‣ homalgIOMode( str[, str2[, str3]] ) | ( function ) |
This function sets different modes which influence how much of the communication becomes visible. Handling the string str is not case-sensitive. homalgIOMode invokes the global function homalgMode defined in the homalg package with an "appropriate" argument (see code below). Alternatively, if a second or more strings are given, then homalgMode is invoked with the remaining strings str2, str3, ... at the end. In particular, you can use homalgIOMode( str, "" ) to reset the effect of invoking homalgMode.

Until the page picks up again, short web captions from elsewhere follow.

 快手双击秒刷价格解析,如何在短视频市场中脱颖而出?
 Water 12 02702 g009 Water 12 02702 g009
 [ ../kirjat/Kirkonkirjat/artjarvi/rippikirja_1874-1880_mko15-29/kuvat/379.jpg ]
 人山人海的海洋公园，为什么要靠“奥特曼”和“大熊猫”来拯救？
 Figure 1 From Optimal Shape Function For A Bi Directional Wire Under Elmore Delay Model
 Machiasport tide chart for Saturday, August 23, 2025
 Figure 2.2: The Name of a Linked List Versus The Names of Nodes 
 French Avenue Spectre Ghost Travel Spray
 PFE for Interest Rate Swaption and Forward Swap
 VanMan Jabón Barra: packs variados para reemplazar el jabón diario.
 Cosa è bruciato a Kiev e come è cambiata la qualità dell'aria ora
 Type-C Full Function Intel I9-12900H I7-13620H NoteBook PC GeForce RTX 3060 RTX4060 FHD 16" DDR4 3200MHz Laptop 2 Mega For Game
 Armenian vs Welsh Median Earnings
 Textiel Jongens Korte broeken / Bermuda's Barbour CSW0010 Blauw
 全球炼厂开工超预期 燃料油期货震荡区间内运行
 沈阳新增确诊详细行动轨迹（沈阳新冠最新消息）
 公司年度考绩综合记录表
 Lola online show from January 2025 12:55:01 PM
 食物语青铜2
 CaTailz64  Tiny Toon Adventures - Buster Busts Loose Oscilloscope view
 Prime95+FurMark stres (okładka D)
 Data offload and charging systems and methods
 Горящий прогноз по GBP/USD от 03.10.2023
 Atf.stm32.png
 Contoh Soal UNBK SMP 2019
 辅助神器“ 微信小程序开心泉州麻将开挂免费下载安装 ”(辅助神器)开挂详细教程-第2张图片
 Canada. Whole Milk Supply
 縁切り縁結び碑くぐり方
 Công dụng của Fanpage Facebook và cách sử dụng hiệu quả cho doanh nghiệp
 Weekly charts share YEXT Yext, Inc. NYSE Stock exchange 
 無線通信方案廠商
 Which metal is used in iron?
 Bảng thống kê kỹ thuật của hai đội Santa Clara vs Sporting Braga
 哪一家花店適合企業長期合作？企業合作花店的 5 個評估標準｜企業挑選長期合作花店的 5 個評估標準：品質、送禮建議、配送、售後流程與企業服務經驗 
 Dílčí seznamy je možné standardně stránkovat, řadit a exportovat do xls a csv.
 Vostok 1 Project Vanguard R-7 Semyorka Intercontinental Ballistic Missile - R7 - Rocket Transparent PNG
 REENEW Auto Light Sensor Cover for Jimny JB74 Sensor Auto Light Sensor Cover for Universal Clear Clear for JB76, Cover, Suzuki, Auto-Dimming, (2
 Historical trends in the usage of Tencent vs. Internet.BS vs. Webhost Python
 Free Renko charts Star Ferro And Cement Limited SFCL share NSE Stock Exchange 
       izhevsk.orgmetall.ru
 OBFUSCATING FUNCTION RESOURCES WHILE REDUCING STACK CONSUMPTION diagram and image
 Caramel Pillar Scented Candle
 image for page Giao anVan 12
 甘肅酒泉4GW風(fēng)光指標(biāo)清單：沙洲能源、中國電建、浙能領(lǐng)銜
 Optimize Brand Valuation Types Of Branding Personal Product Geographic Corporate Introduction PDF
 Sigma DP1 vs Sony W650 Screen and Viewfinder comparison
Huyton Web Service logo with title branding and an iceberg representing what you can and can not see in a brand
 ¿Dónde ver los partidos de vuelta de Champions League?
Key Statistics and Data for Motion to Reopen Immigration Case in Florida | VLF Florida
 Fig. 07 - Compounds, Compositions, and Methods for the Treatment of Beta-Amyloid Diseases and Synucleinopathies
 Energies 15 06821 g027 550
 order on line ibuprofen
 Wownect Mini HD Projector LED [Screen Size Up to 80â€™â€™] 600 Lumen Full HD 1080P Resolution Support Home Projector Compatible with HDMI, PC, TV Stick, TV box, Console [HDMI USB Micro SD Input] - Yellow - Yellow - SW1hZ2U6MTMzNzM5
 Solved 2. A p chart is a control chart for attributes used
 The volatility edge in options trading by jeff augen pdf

| str | str (long form) | mode description |
| "" | "" | the default mode, i.e. the communication protocol won't be visible |
(homalgIOMode( ) is a short form for homalgIOMode( "" )) |
||
| "a" | "all" | combine the modes "debug" and "file" |
| "b" | "basic" | the same as "picto" + homalgMode( "basic" ) |
| "d" | "debug" | view the complete communication protocol |
| "f" | "file" | dump the communication protocol into a file with the name |
Concatenation( "commands_file_of_", CAS, "_with_PID_", PID ) |
||
| "p" | "picto" | view the abbreviated communication protocol |
| using the preassigned pictograms | ||
All modes other than the "default"-mode only set their specific values and leave the other values untouched, which allows combining them to some extent. This also means that in order to get from one mode to a new mode (without the aim to combine them) one needs to reset to the "default"-mode first.
Caution:
In case you choose one of the modes "file" or "all" you might want to set the global variable HOMALG_IO.DoNotDeleteTemporaryFiles := true; this is only important if during the computations some matrices get converted via files (using ConvertHomalgMatrixViaFile), as reading these files will be part of the protocol!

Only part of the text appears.